Doch warum will der US-Fonds Cerberus das verlustreiche Privatkundengeschäft der Bank Austria übernehmen? Die Transaktion kommt nur zustande, wenn der Preis stimmt. Cerberus gilt als Schnäppchenjäger. Angeblich fordert UniCredit für die Bank-Austria-Sparte 700 bis 800 Millionen Euro. Doch das ist den Amerikanern zu hoch. Dem Vernehmen nach will Cerberus die Bank-Austria-Kunden möglichst geschenkt bekommen.
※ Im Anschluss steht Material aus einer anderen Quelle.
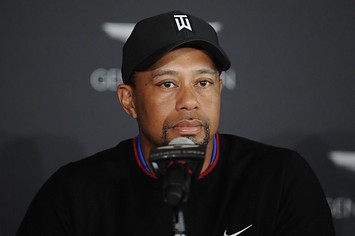Tiger Woods speaks with reporters.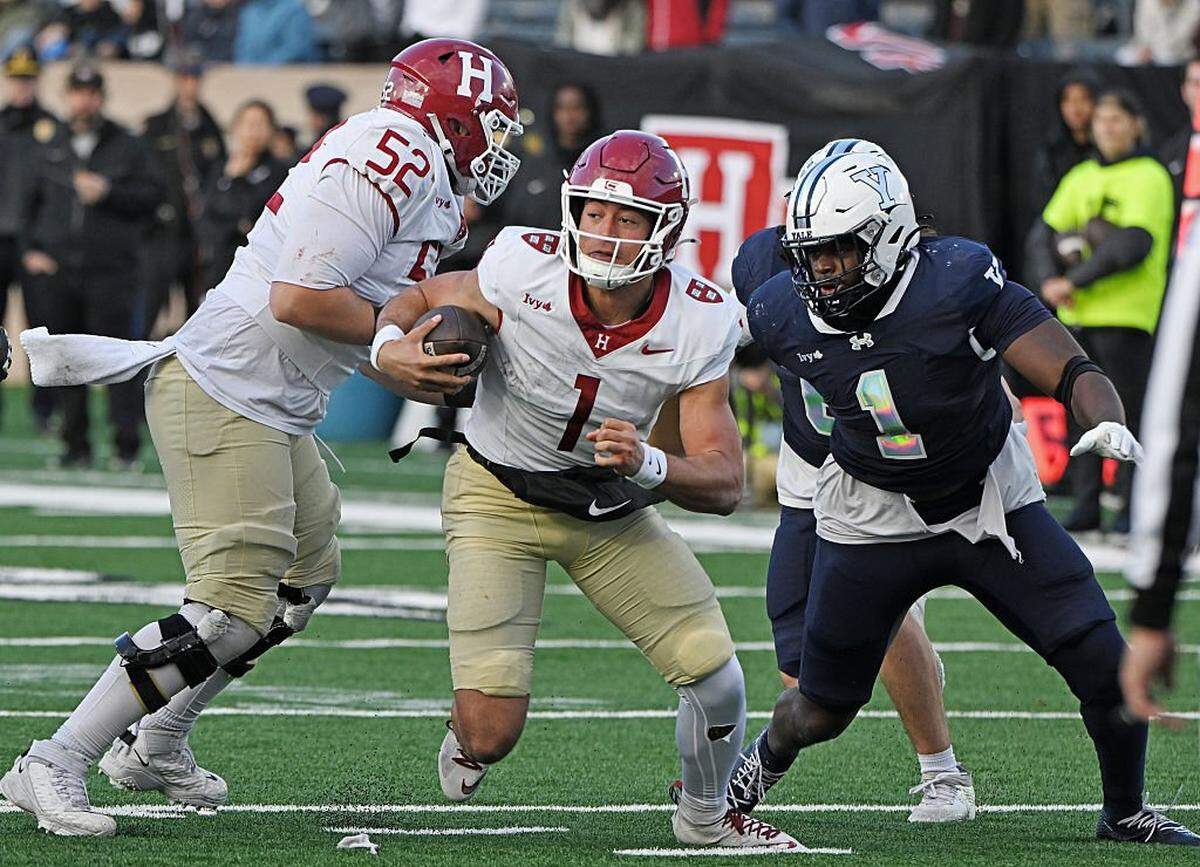 NEW HAVEN, CONNECTICUT - NOVEMBER 22: Jaden Craig #1 of the Harvard Crimson is caught between teammate Aidan Kilstrom #52 and Zairion Jackson-Bass #1 of the Yale Bulldogs in the second half of the 141st playing of "The Game" at Yale Bowl on November 22, 2025 in New Haven, Connecticut. (Photo by Sean D. Elliot/Getty Images)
Falls man sich einigt, stehen die Mitarbeiter der Bank Austria und der Bawag vor harten Zeiten. Es ist zu erwarten, dass tausende Mitarbeiter abgebaut und viele Filialen zusammengelegt werden.

Hinzu kommt eine weitere Phase der Unsicherheit. Denn der US-Hedgefonds Cerberus ist kein langfristiger Aktionär, sondern will nach dem Sparkurs Kasse machen. Cerberus könnte die mit Bank-Austria-Kunden aufgewertete Bawag an einen internationalen Finanzkonzern weiterverkaufen oder an die Börse bringen. Somit bleiben in Österreich nur drei große Bankengruppen übrig: Raiffeisen, Erste Bank/Sparkassen und eine mit vielen Unsicherheitsfaktoren verbundene Bawag-Gruppe.

AUF EINEN BLICK

Der US-Hedgefonds Cerberus will seine Macht auf dem Finanzsektor ausbauen. Dazu prüft Cerberus den Kauf von Teilen der Bank Austria. Diese sollen mit der Bawag verschmolzen werden. Die Folge wären massive Einsparungen bei Filialen und Mitarbeitern.